Time Out Melbourne never writes starred reviews from hosted experiences – Time Out covers restaurant and bar bills for reviews so that readers can trust our critique.

To get to Moonah, you drive down a long dirt road through the coastal wetlands of Connewarre and into the Minya Vineyard and Winery, established in 1974 by Jeff and Sue Dans. It’s peaceful in this part of the state, a sensory interplay of sunlight, warmth, birdsong and sea breezes from the Southern Ocean just a kilometre away. 

The 12-seater restaurant is even more grounding, if you can believe it – a sun-drenched space with big windows and gorgeous views. From the outset, it all feels very laid back and Australian. Both the service and design exude a more relaxed kind of formality than certain other regional fine diners around Victoria, its soundtrack languidly swinging from Elliott Smith to Fleetwood Mac. Yet the ensuing meal is one so special that I’ve since been unable to forget it. 

A balcony overlooks the winery’s flat, atmospheric billabong, and it’s here where my dining journey begins. The hostess brings out a terracotta dish of midnight pearl potato crisps, which I enjoy alongside a gumleaf-garnished Gin and Tonic. Next arrives an angasi oyster with parsnip puree and yuzu agrumato, and a speckly-fried nugget of farmhouse cheese – a stellar pair of savoury snacks to ease into the three-hour degustation menu I’m about to experience.

Moonah is owned and operated by Tobin Kent, a chef with plenty of experience working in exceptional regional hospitality venues – from Birregurra’s Brae to Dunkeld’s Royal Mail Hotel. His menu is one that connects strongly to nature, celebrating dishes that are pure, honest and speak of the land (or waters) from which they come.
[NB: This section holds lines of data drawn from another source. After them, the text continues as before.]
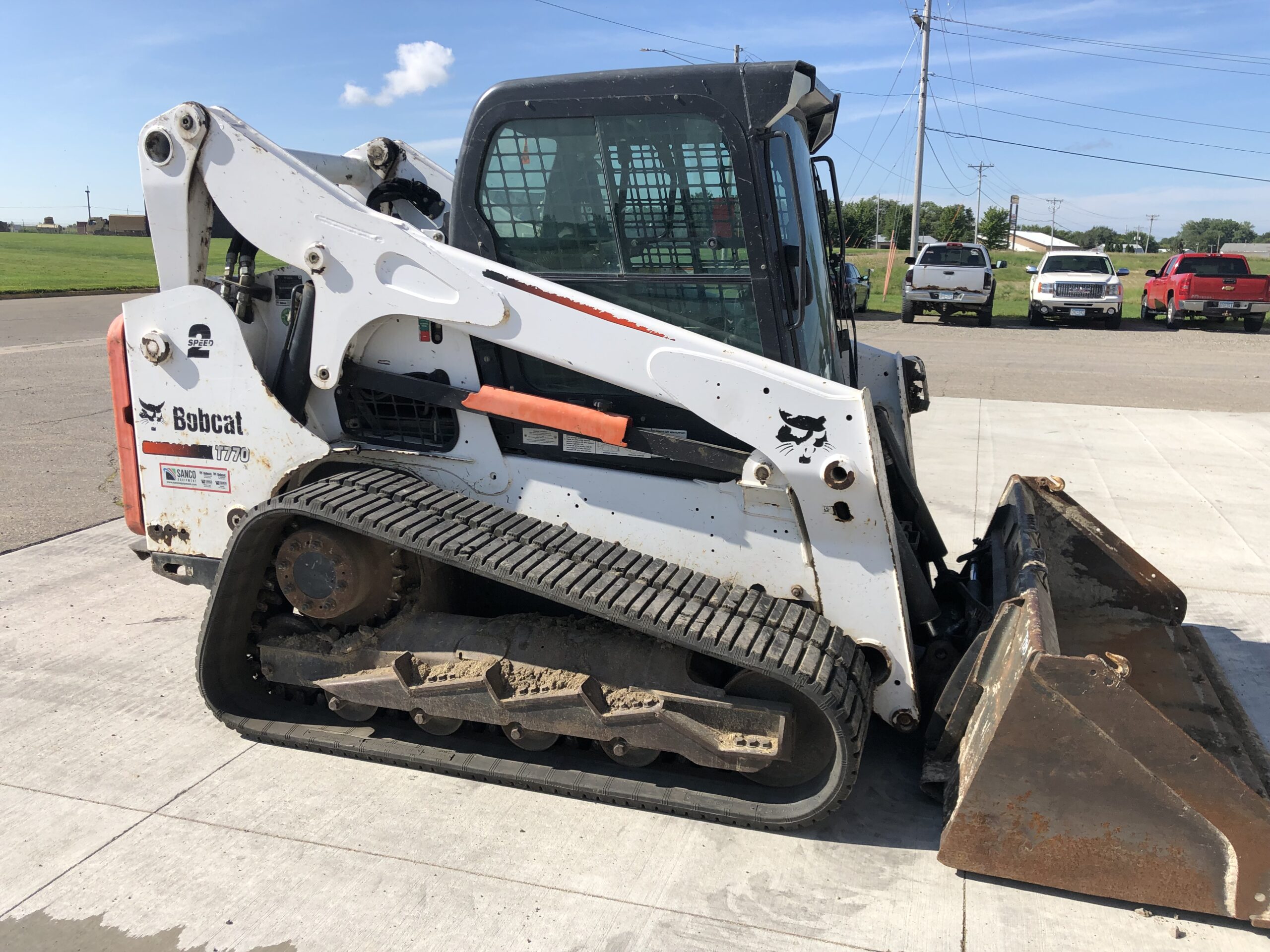 2016 Bobcat T770 Compact Track Loader - Sanco Equipment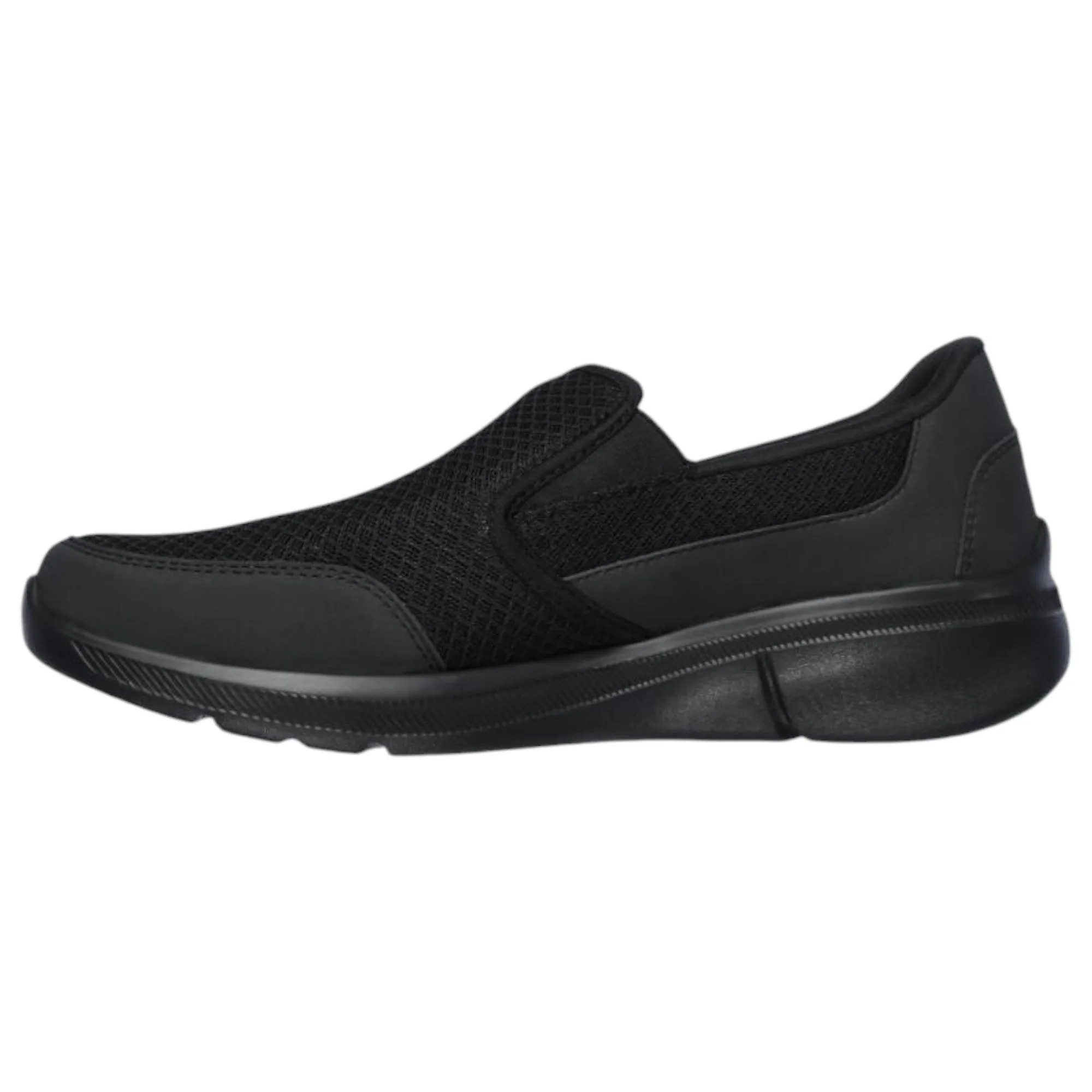 Mens Skechers Equalizer 3.0 - Bluegate Shoes Black/Black
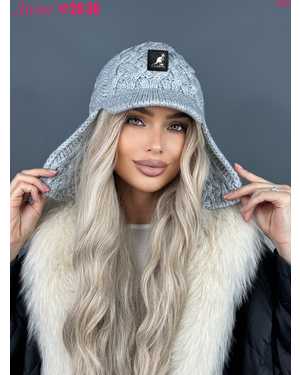 ШАПКА УШАНКА ОТ 5 ДО ВЗРОСЛЫЙ РАЗМЕР: ЕДИНЫЙ 71% ШЕРСТЬ, 17% АКРИЛ, 12% ПОЛИАМИД СЕЗОН ЗИМА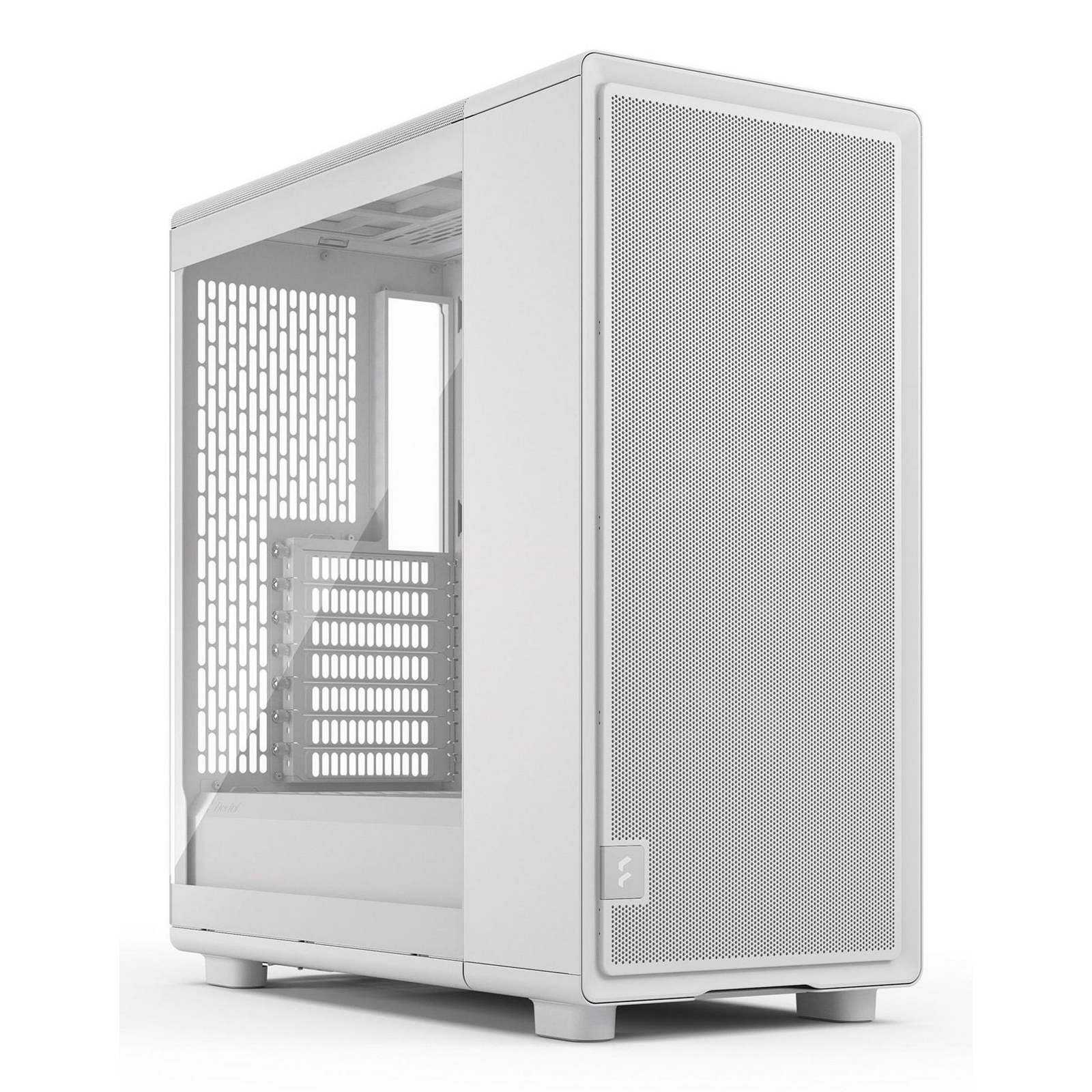 Fractal Design FDE Epoch White TG Clear Tint Case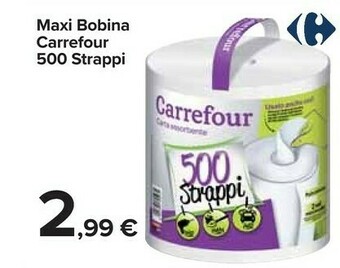 Carrefour Market Rotoli di carta offerta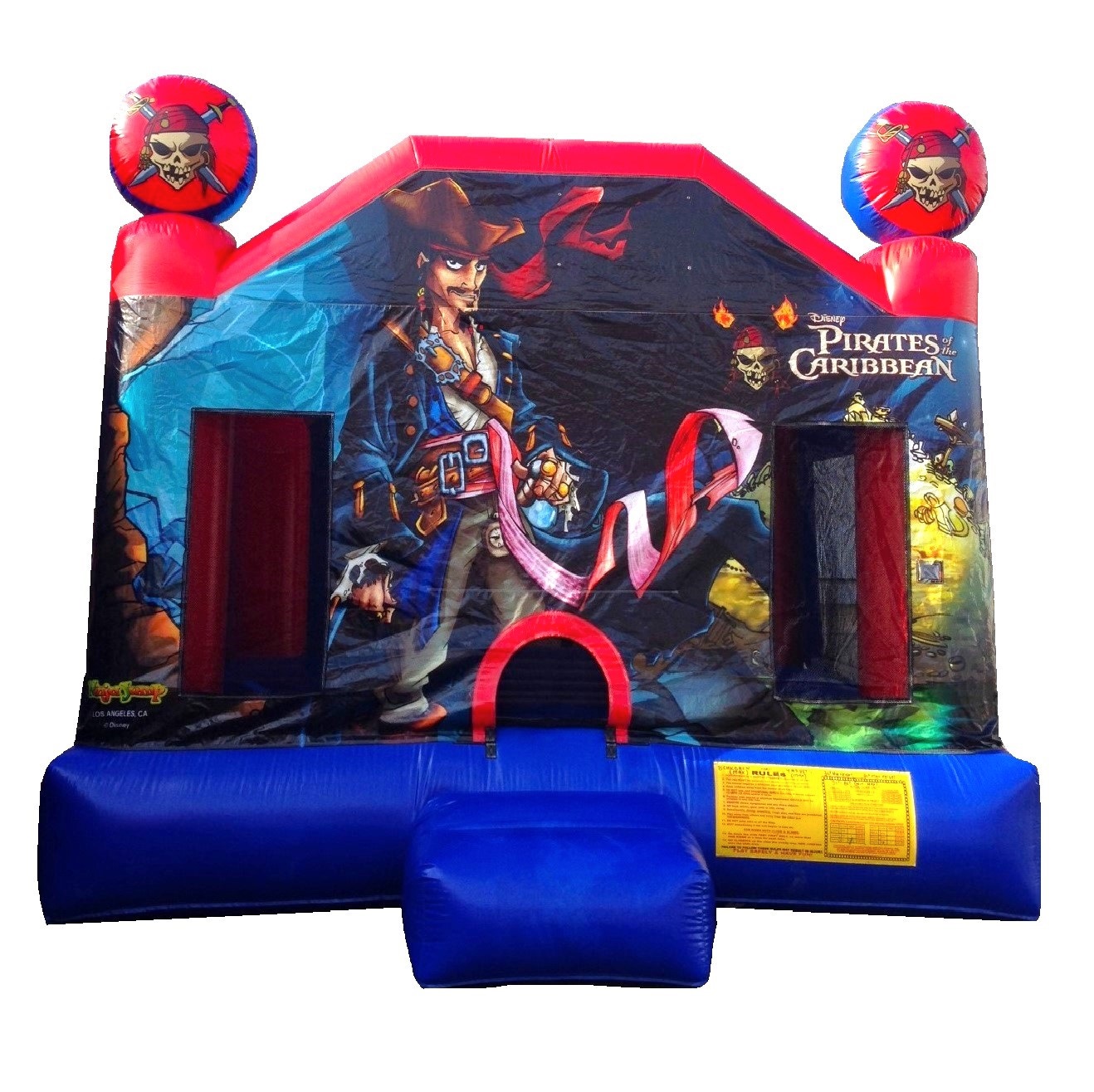 Pirates Inflatable rental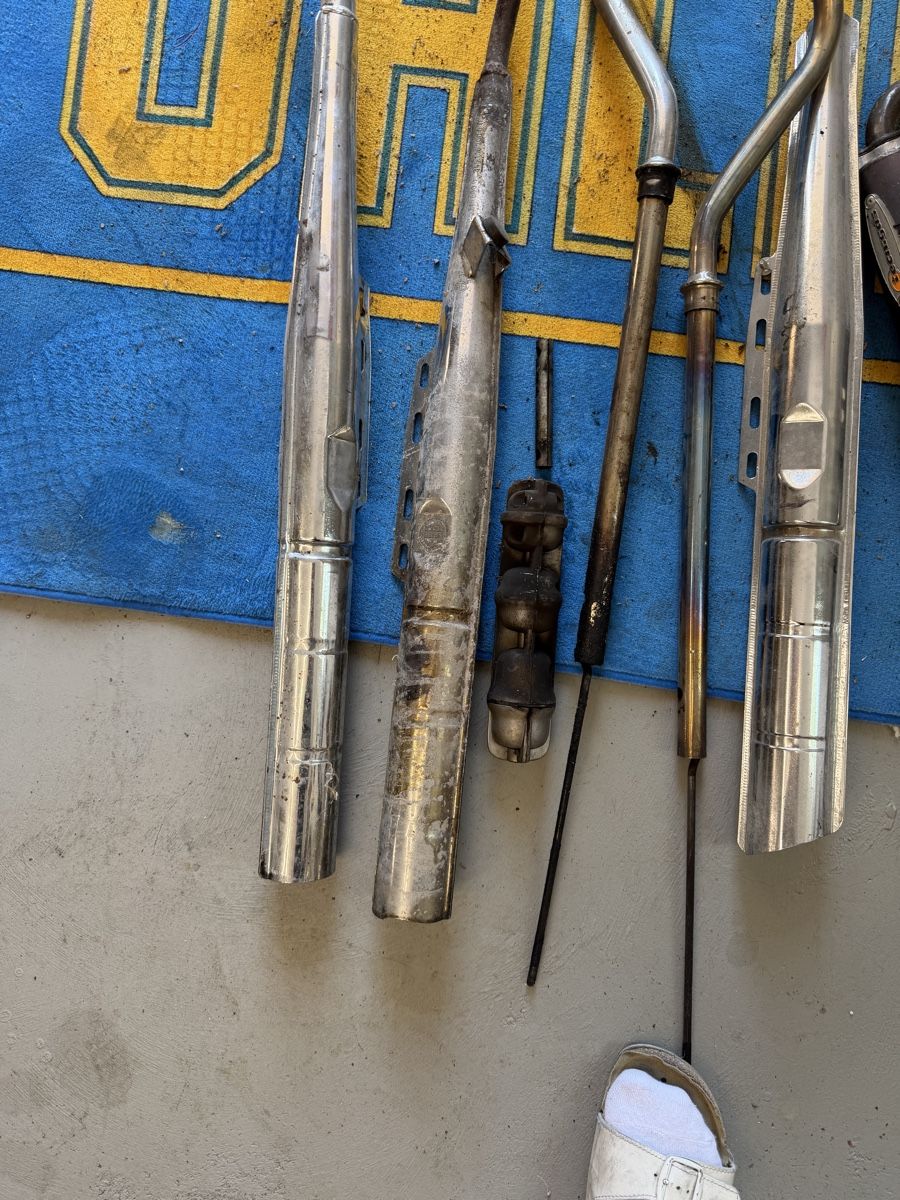 Puch Ciclomotori: Diverse Puch Maxi Auspuffe – Usato da Mauren venduto da Jeffrey_Meier 1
Ingredients are collected strictly from one of three sources: local producers, the chef’s own kitchen garden or the wild. It’s exhilarating to anticipate what sort of magic Kent can weave from these raw elements. 

After being led back into the main part of the restaurant, the first official dish is brought to my table: a lone mollusc sitting in a shallow pool of mussel broth seasoned only with sparkling wine. It’s lovely to experience the ingredient so unadorned, the simplicity of the dish allowing its sea-fresh flavours to shine and sparkle on their own. In the same course, I’m served a toasted sourdough biscuit with salt-marsh vegetables, with which a glass of 2022 Heroes Vineyard dry riesling from the Otway Hinterland makes for a suave pairing. 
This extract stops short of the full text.